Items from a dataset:

-------

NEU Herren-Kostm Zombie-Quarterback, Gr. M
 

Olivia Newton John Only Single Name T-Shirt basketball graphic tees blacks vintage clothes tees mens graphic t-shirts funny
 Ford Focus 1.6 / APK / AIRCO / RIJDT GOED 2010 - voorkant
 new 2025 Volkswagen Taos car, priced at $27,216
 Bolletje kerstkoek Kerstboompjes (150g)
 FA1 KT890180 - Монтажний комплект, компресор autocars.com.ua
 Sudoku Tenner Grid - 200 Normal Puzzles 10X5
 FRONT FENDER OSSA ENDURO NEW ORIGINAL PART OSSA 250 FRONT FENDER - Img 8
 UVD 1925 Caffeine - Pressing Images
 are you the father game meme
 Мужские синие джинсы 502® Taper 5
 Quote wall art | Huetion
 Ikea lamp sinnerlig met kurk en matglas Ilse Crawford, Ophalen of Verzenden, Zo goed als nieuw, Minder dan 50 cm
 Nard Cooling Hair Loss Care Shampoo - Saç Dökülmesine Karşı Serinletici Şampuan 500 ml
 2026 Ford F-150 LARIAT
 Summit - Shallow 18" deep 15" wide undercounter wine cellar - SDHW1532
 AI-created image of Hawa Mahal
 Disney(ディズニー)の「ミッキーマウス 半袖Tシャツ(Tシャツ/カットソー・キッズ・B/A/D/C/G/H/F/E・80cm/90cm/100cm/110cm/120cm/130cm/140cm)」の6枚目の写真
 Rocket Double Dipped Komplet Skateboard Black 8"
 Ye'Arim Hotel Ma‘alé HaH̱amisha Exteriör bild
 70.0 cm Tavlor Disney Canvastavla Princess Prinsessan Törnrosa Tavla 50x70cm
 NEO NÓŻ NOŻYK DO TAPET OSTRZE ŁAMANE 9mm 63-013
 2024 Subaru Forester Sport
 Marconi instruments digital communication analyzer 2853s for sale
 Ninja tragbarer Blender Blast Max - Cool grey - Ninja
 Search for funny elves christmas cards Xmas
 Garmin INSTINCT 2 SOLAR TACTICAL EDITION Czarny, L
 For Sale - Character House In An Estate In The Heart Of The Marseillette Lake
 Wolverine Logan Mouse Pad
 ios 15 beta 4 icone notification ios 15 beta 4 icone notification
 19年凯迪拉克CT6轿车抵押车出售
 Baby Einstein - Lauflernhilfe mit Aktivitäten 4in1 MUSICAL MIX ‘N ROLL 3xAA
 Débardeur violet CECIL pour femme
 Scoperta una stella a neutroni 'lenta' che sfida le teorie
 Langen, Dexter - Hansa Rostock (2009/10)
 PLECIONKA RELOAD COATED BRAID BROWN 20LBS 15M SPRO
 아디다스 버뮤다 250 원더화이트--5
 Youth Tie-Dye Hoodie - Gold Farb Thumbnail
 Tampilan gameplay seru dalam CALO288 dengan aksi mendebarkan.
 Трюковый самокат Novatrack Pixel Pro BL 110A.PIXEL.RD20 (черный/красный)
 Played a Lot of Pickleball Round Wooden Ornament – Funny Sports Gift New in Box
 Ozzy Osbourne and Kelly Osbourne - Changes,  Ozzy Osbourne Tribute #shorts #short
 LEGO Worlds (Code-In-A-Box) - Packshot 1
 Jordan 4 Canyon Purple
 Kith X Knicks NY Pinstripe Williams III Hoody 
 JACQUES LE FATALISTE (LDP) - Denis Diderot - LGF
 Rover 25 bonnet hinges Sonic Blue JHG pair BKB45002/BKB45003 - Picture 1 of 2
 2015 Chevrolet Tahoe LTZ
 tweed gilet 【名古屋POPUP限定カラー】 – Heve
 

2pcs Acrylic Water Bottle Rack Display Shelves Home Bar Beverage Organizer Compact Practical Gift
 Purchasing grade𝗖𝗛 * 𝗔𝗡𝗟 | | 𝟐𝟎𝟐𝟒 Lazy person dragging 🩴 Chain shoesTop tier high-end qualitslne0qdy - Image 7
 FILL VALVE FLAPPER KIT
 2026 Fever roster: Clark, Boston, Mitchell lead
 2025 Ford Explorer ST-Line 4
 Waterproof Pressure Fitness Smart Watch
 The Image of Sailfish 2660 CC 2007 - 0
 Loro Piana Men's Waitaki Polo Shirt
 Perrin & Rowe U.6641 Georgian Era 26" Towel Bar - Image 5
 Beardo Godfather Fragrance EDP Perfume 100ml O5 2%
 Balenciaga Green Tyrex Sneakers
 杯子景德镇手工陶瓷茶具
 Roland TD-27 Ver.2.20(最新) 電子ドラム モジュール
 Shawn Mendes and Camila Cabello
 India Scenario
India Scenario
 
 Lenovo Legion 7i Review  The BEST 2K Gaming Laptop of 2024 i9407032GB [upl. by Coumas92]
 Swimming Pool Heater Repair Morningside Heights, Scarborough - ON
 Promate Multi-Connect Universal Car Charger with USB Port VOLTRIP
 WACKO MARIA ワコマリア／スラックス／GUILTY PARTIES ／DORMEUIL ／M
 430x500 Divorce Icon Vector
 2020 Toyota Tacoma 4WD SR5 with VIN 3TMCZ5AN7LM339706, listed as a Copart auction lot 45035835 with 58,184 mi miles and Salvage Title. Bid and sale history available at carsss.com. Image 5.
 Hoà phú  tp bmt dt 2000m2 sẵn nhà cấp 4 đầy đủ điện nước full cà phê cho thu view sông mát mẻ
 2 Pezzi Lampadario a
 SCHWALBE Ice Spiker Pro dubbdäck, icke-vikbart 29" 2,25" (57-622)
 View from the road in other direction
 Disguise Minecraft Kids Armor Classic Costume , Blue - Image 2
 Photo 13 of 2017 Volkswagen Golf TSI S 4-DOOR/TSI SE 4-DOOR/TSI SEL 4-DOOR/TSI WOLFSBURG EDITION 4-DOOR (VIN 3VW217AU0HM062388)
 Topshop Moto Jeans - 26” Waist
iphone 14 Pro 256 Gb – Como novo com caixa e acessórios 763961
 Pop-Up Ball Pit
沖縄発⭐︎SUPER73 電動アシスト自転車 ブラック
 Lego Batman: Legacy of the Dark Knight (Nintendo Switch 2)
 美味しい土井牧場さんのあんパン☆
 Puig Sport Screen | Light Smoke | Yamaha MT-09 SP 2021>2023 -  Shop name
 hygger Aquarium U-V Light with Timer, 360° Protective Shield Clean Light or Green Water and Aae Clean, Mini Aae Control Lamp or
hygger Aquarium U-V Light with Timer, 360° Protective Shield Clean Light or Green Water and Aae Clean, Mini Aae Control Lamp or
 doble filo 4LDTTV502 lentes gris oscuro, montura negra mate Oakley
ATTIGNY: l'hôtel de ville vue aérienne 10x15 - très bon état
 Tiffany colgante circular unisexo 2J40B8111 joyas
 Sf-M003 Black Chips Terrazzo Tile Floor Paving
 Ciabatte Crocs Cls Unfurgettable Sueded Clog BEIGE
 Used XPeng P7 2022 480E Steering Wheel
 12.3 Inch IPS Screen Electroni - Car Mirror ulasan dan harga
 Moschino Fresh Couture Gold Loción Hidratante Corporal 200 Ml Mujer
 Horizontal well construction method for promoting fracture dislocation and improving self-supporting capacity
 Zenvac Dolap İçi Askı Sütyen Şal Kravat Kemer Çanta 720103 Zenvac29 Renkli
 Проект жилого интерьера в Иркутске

-------

**Task directions**
Above are the lines; repeat exactly the ones from the line containing "2026 Ford F-150 LARIAT" down to the line containing "Ye'Arim Hotel Ma‘alé", both inclusive.

**The completed task**
 2026 Ford F-150 LARIAT
 Summit - Shallow 18" deep 15" wide undercounter wine cellar - SDHW1532
 AI-created image of Hawa Mahal
 Disney(ディズニー)の「ミッキーマウス 半袖Tシャツ(Tシャツ/カットソー・キッズ・B/A/D/C/G/H/F/E・80cm/90cm/100cm/110cm/120cm/130cm/140cm)」の6枚目の写真
 Rocket Double Dipped Komplet Skateboard Black 8"
 Ye'Arim Hotel Ma‘alé HaH̱amisha Exteriör bild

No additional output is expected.